Saturday, October 25, 2008

Constructive Thoughts: The Elders

Dear Elders Fowler and Marsh:

Thank you for allowing me the pleasure of seeing my old missionary apartment again. I apologize for imposing last night and dropping in like I did. Especially as I was dragging four or five friends along for the ride. I will say, to your credit, you acquitted yourselves well: You took the visit in stride, your apartment was clean, you were gracious hosts, and you behaved quite appropriately in front of my non-member friend who accompanied me. When I awoke this morning, my first thoughts were of you two good Elders and my need to thank you.

While I had friends with me, I am sorry that my wife could not join me on this trip. She has joined me frequently in the past; I am waiting for the day when I can bring my entire family along. That day will have to wait, though. I am only human and can only do so much with these trips at the present time.

It was nice to see my old area and my old apartment again. I have a lot of fond memories for that apartment and that city, as it was my second area on the island. Obviously, as you know, much has changed with the apartment, however, and I have forgotten much about the area. Time was, I could re-walk the streets of that city--each city in which I served--with my eyes closed and never miss a beat. Now? I'm afraid that the passage of time is stealing my memories.

I never thought I would say that.

I thought that my experiences and feelings were indelibly locked in my mind. They're slipping away, however, along with my vocabulary--many of the words and phrases I used on a daily, hourly basis are gone, unreachable through the barrier of time.

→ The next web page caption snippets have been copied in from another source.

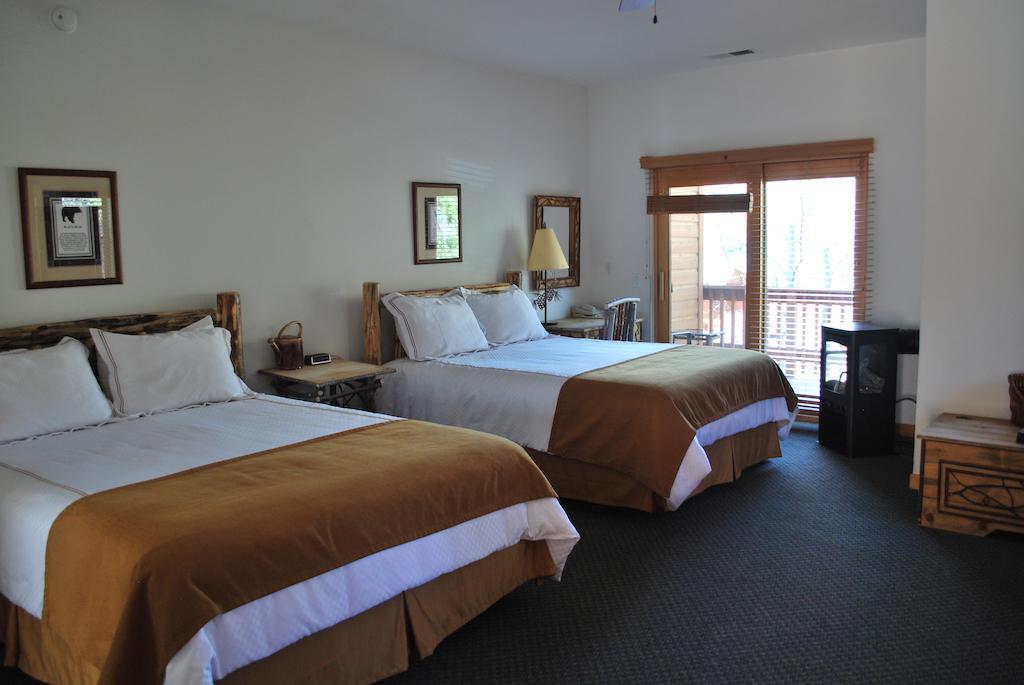 Double Eagle Resort And Spa June Lake Kamer foto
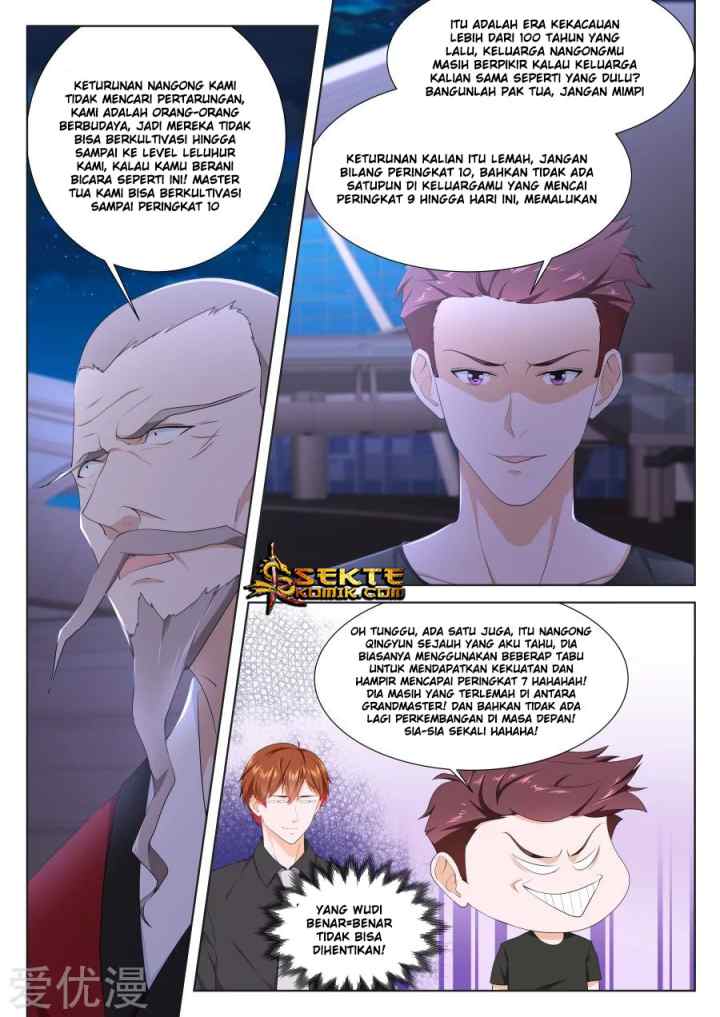 Metropolitan System chapter 244 halaman 8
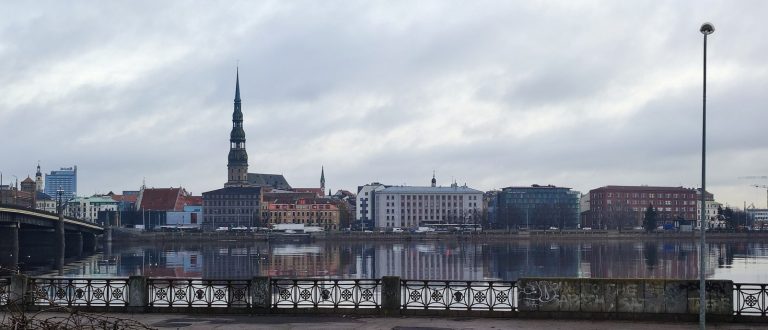 Четверг в Латвии будет облачным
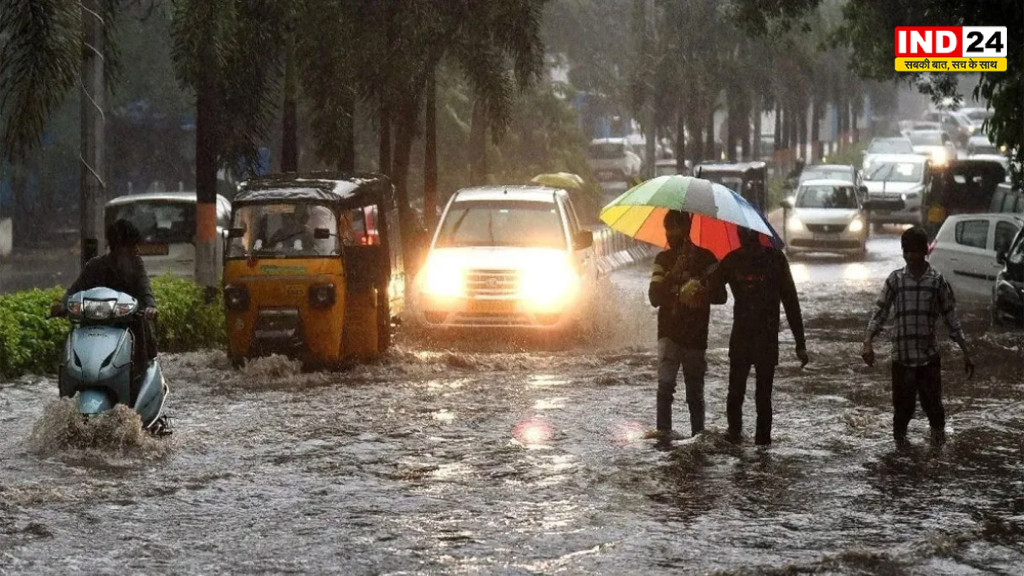 Rajasthan Weather Alert: राजस्थान में फिर एक्टिव हुआ मानसून! 11 जिलों में बारिश की चेतावनी, जानें आपके शहर का हाल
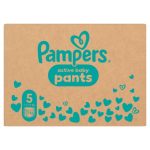 Pampers Active Baby Pants Rozmiar 5 152 szt Pieluchomajtki Miesięczny zapas - obrazek 2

Enjoy the time you spend on your mission, in the Lord's service. One thing is clear to me now: you cannot go back to this time, no matter how great your want or need to do so. I remember in my own experience that there were many Elders who returned to the island to try and teach again, or to recapture the happiness and spirit that they felt while on their mission. They all failed; some of them failed miserably. I am not able to visit ofen; it is such a long way to go on such short notice, and for such a short time. Normally, my visits are preceded by a long bout of high stress. While I am there, I can forget all that stress, eat good food, talk and think in a marvelous second language, and immerse myself in my memories. The visits give me a mental and emotional vacation from my real world. I can almost feel the years melting away, the layers of my mind peeling back to return me to places and friends that I have lost.

But it is not the same.

Work hard and keep your focus. That is the best counsel I could possibly give from this far removed, both in space and in time. Work hard and keep your focus. The one is easy if you do the other; they are inextricably linked. I have only one regret about my mission. I can admit this now, although it has taken a very, very long time to be able to express this thought to someone else.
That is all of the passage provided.